In a more targeted initiative, at the beginning of February 2019, the EU launched an international contact group for Venezuela; for a limited ninety-day period, this group was tasked with getting European and Latin American states to work together to help Venezuela’s political transition.21 This was a promising and unprecedented call for cross-regional cooperation on democracy support in one particular country. How far this was about fully coordinating the international approach to Venezuela’s predicament was uncertain, however. To some degree, the EU suggested the group as a way of actually distancing itself from the Trump administration and of emphasizing a cautious, mediation-based approach. While the rightward shift in several Latin American governments has led to more criticism of the Maduro regime, most in the region remain wary about aligning too actively with the United States.

Western and non-Western democracies do occasionally work together to craft thematic or country resolutions through the UN Human Rights Council; this coordination is often successful but remains low-key.
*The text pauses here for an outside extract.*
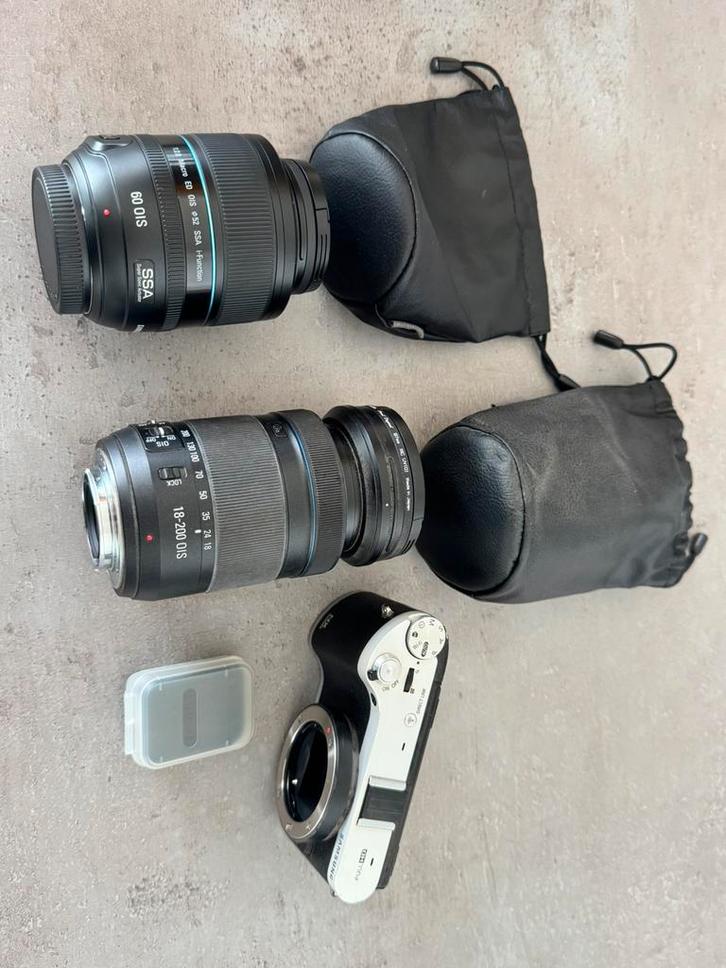 Samsung NX300 Set - Incl. 18-200mm Zoom & 60mm Macro Lens, Audio, Tv en Foto, Foto | Lenzen en Objectieven, Zo goed als nieuw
Relevant policymaking structures are not set up to ensure that any general interest in such cooperation filters through to tangible policy initiatives, a failure that is equally evident in Western ministries, non-Western governments, and international bodies.

Like the limited cooperation between Western and non-Western democracies, coordination among non-Western democracies themselves is strikingly and surprisingly lacking.22 In Asia, for instance, Indonesia, Japan, and South Korea have failed to join forces with respect to Myanmar’s political opening. Cooperation between Asian democracies was limited in response to the latest military coup in Thailand in 2014 as well. Meanwhile, two of the region’s largest democracies—India and Japan—do not even have a formal agreement on democracy promotion. The emergence of the Quad (a grouping that includes Australia, India, Japan, and the United States) is an incipient effort to rectify this situation and create a democratic bloc in the region to counter an authoritarian China. It remains unclear, however, whether this coalition will help fashion practical coordination on democracy support alongside its primary focus on security issues.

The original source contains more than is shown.